- Born: March 4, 1906 Chicago, Illinois, US
- Died: February 10, 2007 (aged 100) Northfield, Illinois, US
- Education: University of Michigan
- Occupations: Former President of Walgreens (1939–1963) Chairman of the Board (1963–1976)
- Spouse(s): Mary Ann Leslie (1933–1983) Jean B. Walgreen (1983–2007)
- Children: 3, including Charles R. Walgreen III
- Father: Charles Rudolph Walgreen

= Charles Rudolph Walgreen Jr. =

American businessman (1906–2007)

Charles Rudolph Walgreen Jr. (March 4, 1906 – February 10, 2007) was an American businessman who was the president of Walgreens from 1939 until 1963 and the chairman of the board from 1963 until 1976.

==Biography==
He was born on March 4, 1906, in Chicago, Illinois, to Charles Rudolph Walgreen and Myrtle Norton. He attended the University of Michigan College of Pharmacy and was a member of Tau Kappa Epsilon.

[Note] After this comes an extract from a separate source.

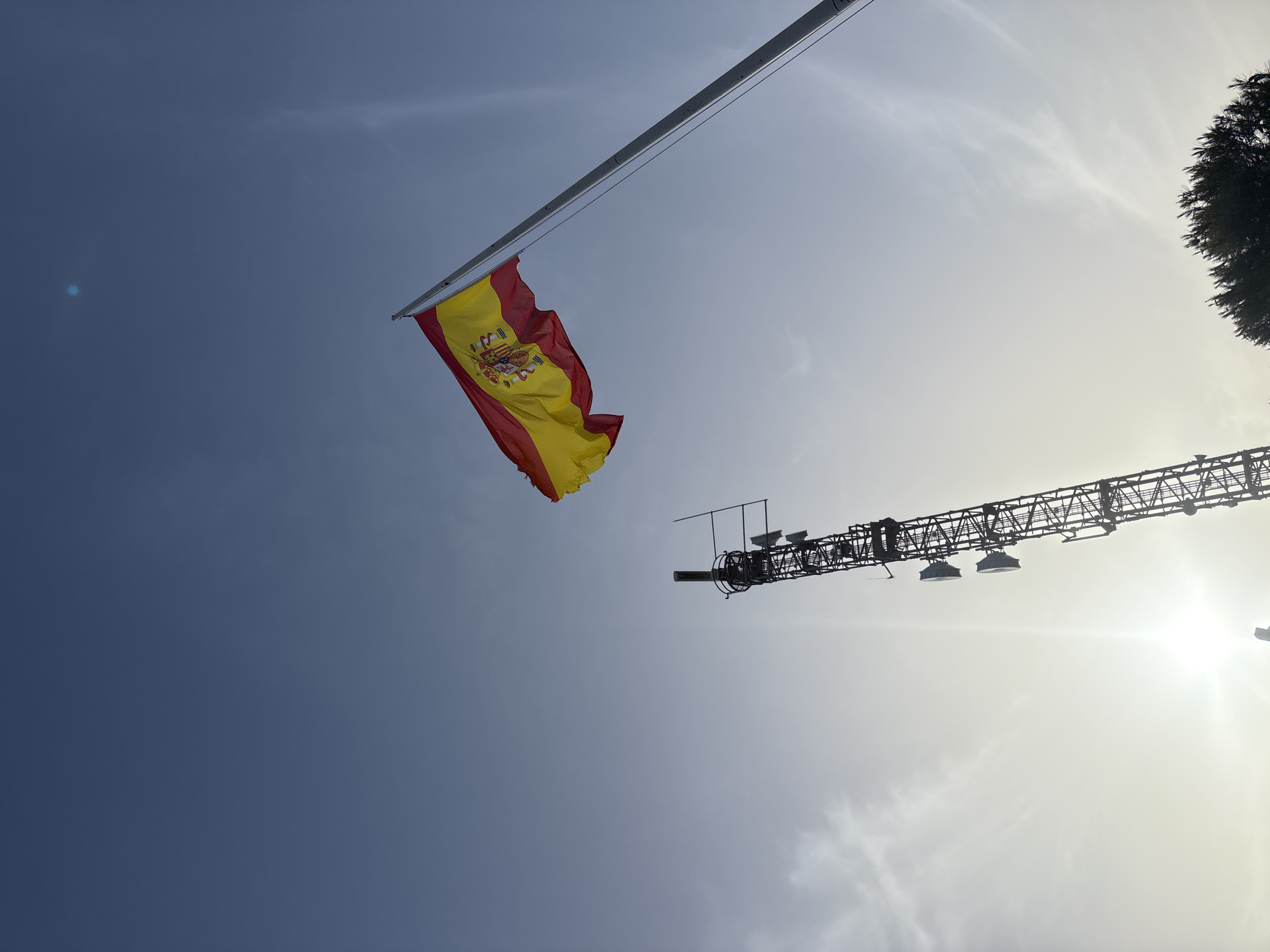 The image shows a Spanish flag waving on a flagpole against a clear blue sky with wispy clouds. To the left of the flag is a tall, metallic telecommunications tower with multiple antennae attached. The sun is visible as a bright orb in the lower left portion of the image, casting a bright glare. The scene appears to be outdoors, with a treeline visible at the bottom edge of the frame. The location is identified as Orihuela, Spain.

Walgreen Jr. started out as a buyer for the company. As head of the company he increased the profit and size of the drug store, encouraged new lines of products to be sold and changed the format from counter service to self-service. He relinquished his role in company in 1969 to his son Charles R. Walgreen III.

He died in 2007 at age 100.

==Legacy==
Shortly before his death, Walgreen donated $10 million to the University of Michigan and that gift proved to be instrumental in the building of the Walgreen Drama Center located on the University of Michigan's North Campus in Ann Arbor.